What are the types of interest rates applicable on loans?

Interest rate is the final amount a lender asks the borrower to pay and is a percentage of the principal—the amount borrowed. The interest rate on a loan is commonly remarked on an annual basis known as the annual percentage rate (APR).

An interest rate can furthermore apply to the quantity achieved at a bank or credit federation from a conservations account or certificate of deposit (CD). Annual percentage yield (APY) which refers to the interest attained on these sediment invoices. There are many  Best money lender in toa payoh which one should consider.

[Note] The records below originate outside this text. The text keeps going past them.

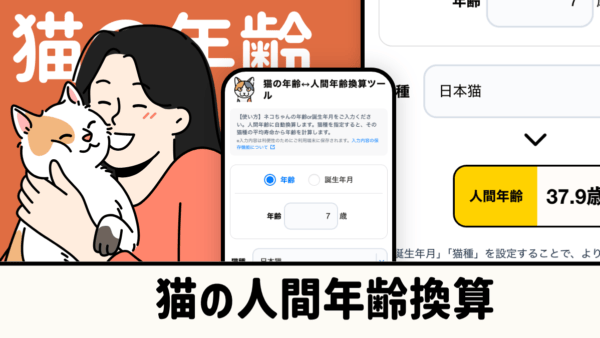 猫の人間年齢換算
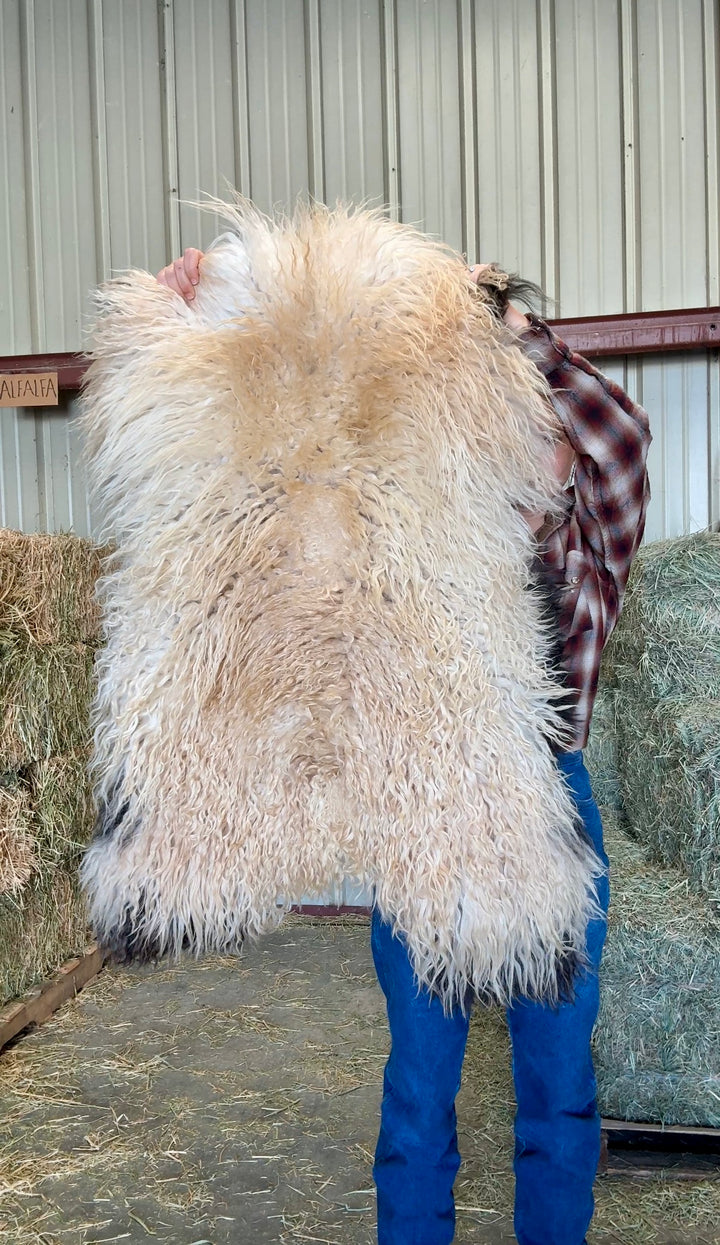 DUN - Icelandic Sheepskin "D1" - Black & tan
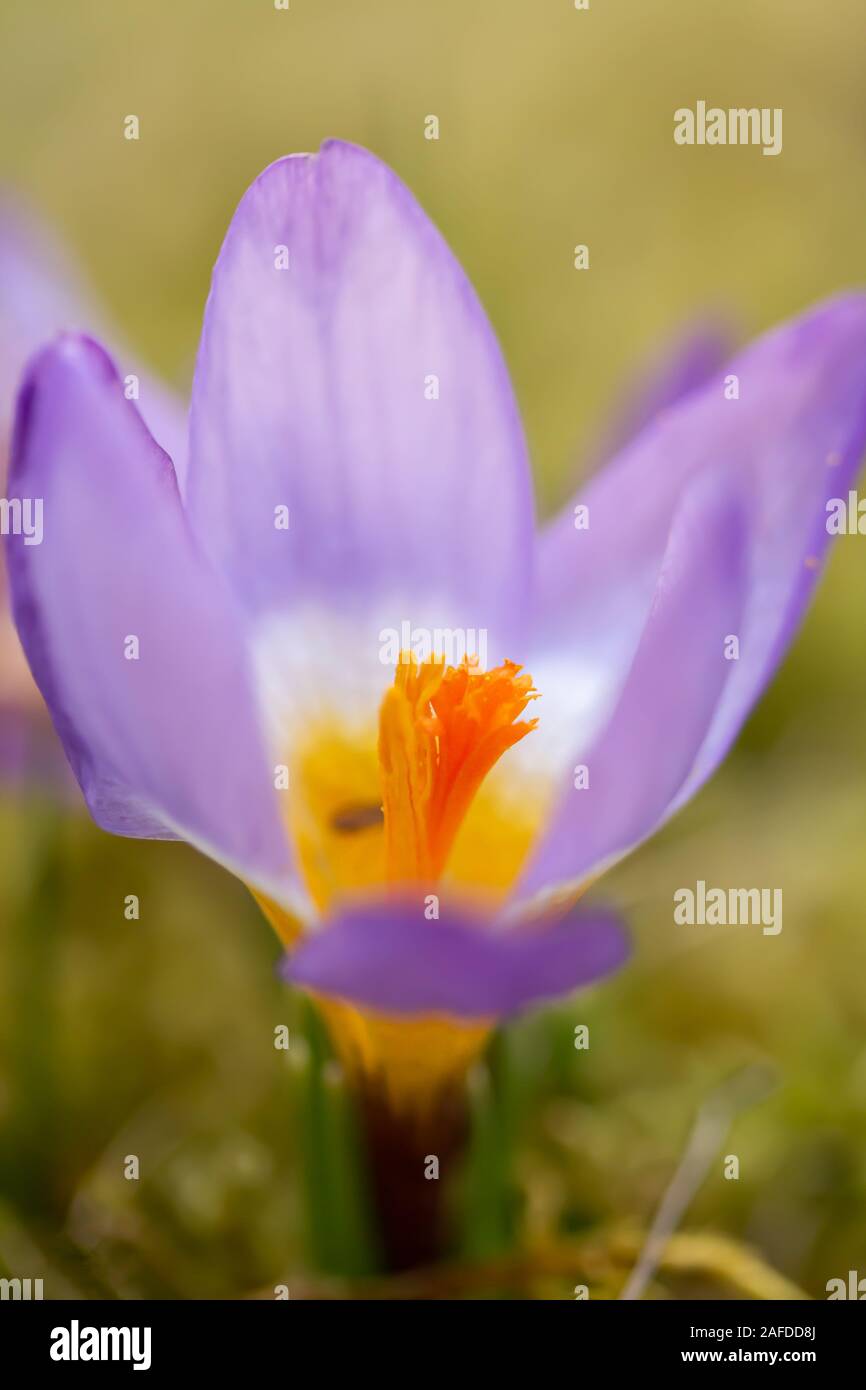 Crocus, plural Krokusse oder Croci ist eine Gattung von Blütenpflanzen in der Iris-Familie. Ein einzelnes Crocus, ein paar Krokusse, eine Wiese voller Krokusse Stockfoto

Further we will discuss the different types of interest which are charges on various loans according to their credit scores, employment status and EMI duration.

Fixed interest rate

A fixed interest rate is as precisely as it expresses an explicit, fixed interest bound to a loan or a line of credit that must have to be repaid, along with the principal amount. A fixed rate is the most ordinary structure of interest for clients, as they are manageable to estimate, easy to apprehend, and  – both the borrower and the lender understand exactly what curiosity rate responsibilities are tied to a loan or credit invoice.

Variable Interest rate

Interest rates can change or more so fluctuate according to the loan amount, and that’s what exactly happen with variable interest velocities. Variable interest is mostly tied to the ongoing activity of base curiosity rates (like the so-called “excellent interest rate” that lenders use to set their interest rates.) client can benefit if a loan is set up manipulating variable rates, and the prime interest rate decreases

Annual Percentage rate

The annual percentage rate is the portion of your entire interest expressed perennial on the total expenditure of the loan. Credit card firms often use APR to set interest rates when clients agree to carry a  proportion on their credit card account.


Interest rates change accordingly, but what should be taken into consideration is that The decision of loan should be accepted after you contemplate what all you need to organize in declaration to take the loan. There are numerous services delivered by banks and money lenders that help clients apply for a loan. Remark that the final conclusion of taking a loan should comprise your consent. Nevertheless, sign off any documents without looking over them correctly. And also recheck it twice.